Es ist nie zu spät oder fürchtet euch nicht, wie die Freunde vom „Weinskandal“ predigen, war das Motto des gestrigen Tages. Also habe ich Mama ins Auto gepackt und wir sind hoch in die Colli Euganei, hinauf zu Marco Buratti gefahren, den wohl radikalsten Proponenten des Naturweins jenseits des Sausals (und Karl Schnabels phänomenale Interpretation des Begriffs). Und siehe da: Neugierde siegte über die Angst und das obwohl es bei Marco aussah, als hätte eine Bombe in Haus und Keller eingeschlagen! Am Ende des Tages verließ meine Mama La Farnea, Marcos Weingut, bewaffnet mit 12 Flaschen ungeschwefeltem Merlot, einem Berg Kakis, einem Tokaj-Experiment und dem Versprechen wiederzukommen.
Am Anfang des Tages kämpften wir uns die Serpentinen der Colli Euganei hinauf, einem geologischen Sonderfall inmitten der Po-Ebene. Mitten im Flachland erheben sich gut und gerne 20 Vulkankegel, die eigentlich schon für sich einen Besuch wert wären, die man aber doch gerne rechts liegen lässt, vermutlich weil man mit den an ihrem Fuße liegenden Thermen von Abano und Montegrotto Siechtum, Gebrechen und den letzten Urlaub der Urgroßeltern verbindet. Mag alles wahr sein, dahinter freilich öffnen sich ein paar Quadratkilometer, die vollgepflastert sind mit klassischen Osterien, Olivenbäumen, runtergekommenen Kastellen und Villen, alten Kirchen, Petrarcas Geburtshaus und eben auch einer guten Handvoll Bio- und Naturweinwinzer, von denen Marco in seiner konsequenten Radikalität nochmals herausragt.

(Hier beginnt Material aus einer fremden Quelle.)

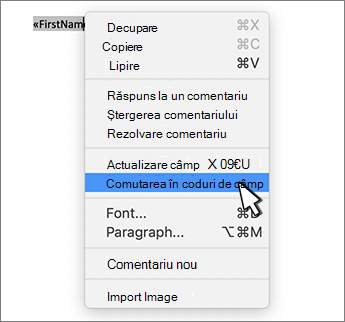 Comutare coduri de câmp în meniul contextual selectat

Bis gestern hatte ich nur von seinen Weinen gehört, er selbst verweigert sich jeder Naturweinveranstaltung. Auf emails hatte er nie geantwortet, Telefonanrufe nicht beantwortet gegen unsere brutale Überrumpelung war er dann allerdings chancenlos. Er hat es uns nicht übelgenommen, vermute ich. Wir bekamen eine zweistündige Führung durch das Chaos und Fassproben des neuen Jahrgangs und plauderten über Sulfite beziehungsweise über die Tatsache, dass er keine verwendet – nie. Und es auch nie getan hat. Er ist da recht dezidiert und nicht besonders tolerant – so vertritt er die These, dass man das Wort Naturwein nur dann in den Mund nehmen sollte, wenn sich außer Trauben nichts, aber auch gar nichts anderes im Wein befindet. Das hat ihm nicht nur Freunde beschert, im Gegenteil. Er ist ein Solitär in den Hügeln und darüber hinaus. Verbündete ortet er im Lazio bei Gianmarco Antonuzi von Le Coste (ganz großartig) und bei Angiolino Maule von La Biancara im Veneto, den er zwar als Winzer schätzt als Organisator von vinnatur allerdings weniger – der mache dort zu viele Kompromisse und die sind seine Sache nicht.
Vom ersten Wein vor 10 Jahren bis heute, war die einzige größere Anschaffung für den Keller, jenseits der Fässer und Betonzisternen eine Pumpe, mit der er die verschiedenen Chargen seiner Weine zusammenführt. Allzu oft muss er auch die nicht verwenden, da er auf zwei Hektar maximal 5000 Kilo Trauben liest. Die Presse hat er vom Großvater eines Freundes und den Bottich dazu vermutlich vom Großvater des Großvaters. Aber genug der Familienbanden.